Now you don’t see too many people “dressed in the style of the Wahhabi Islamic radical movement”. They sometimes turn up, but not too often. A beard without a moustache, the cap, three-quarter-length trousers. Halal kebab sellers in the town centre look most like them. The kebab bar is open long, so I dropped by several times, when I was under the influence after visiting the footballer. Each time I wondered if they would throw me out and, for example, rub me with hot chilli. They did neither, although they were peeking suspiciously. Or perhaps it only seemed to me they did.


But the Vrbak Hotel – a beautiful thing. It always makes an impression. It is great, huge. A brutalist Tito-style caravanserai. A concrete giga-tent of a mega-Sultan. A Communist notion of one thousand and one nights. It stands in the town centre like an alien spaceship desperately trying to merge with the surroundings. It is huge, but you enter the gigantic hall by way of the narrow, winding stairs, like you were going inside an unidentified flying object. The lobby looks like an arena from a space opera. Or like the interior of a Moorish style mega-coliseum, intertwined with green vines. It is so moving, all this brutalist Orient. The rooms are small and perhaps are meant to bring to mind alcoves in a harem. Curtain poles are carved with Muslim patterns and the bathrooms are meant to invoke the aesthetics of hammams. Strings ending with a plastic handle with the inscription S.O.S., looking like toilet cistern cords, hang from the ceiling.

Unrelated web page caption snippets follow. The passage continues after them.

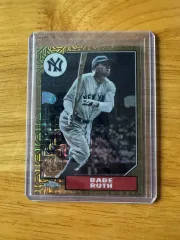 2025年最新】ベーブルース カードの人気アイテム - メルカリ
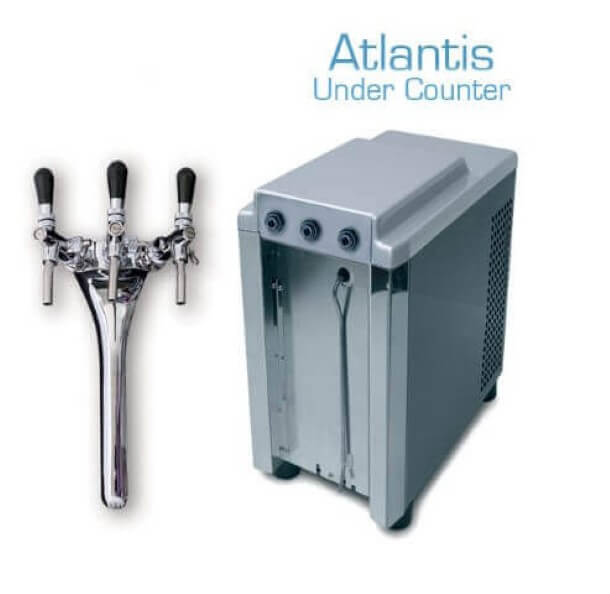 Atlantis undercounter water dispenser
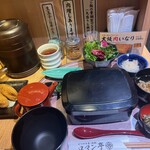 ビフテキ重・肉飯 ロマン亭 -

And this is how local Islam is going about things, like every tradition in the world globalising in the Western mode. Either warring and biting or merging with local aesthetics.


“I don’t give a shit if someone is a Muslim, Bosnian, Serb or Albanian,” said to me the old, grey Mr Zoran, who supplements his pension by riding a taxi, just like many others. “I am not anything particular. I am a Yugoslav. It was good under Tito. And now what? Muslims go fucking mad, Albanians go fucking mad, but – he lowered his voice – it is the worst with Macedonians…

“And the Serbs?” I asked.

“They go fucking mad too. And you are from where?”

“From Poland.”

“Oh, you knobheads go fucking mental!”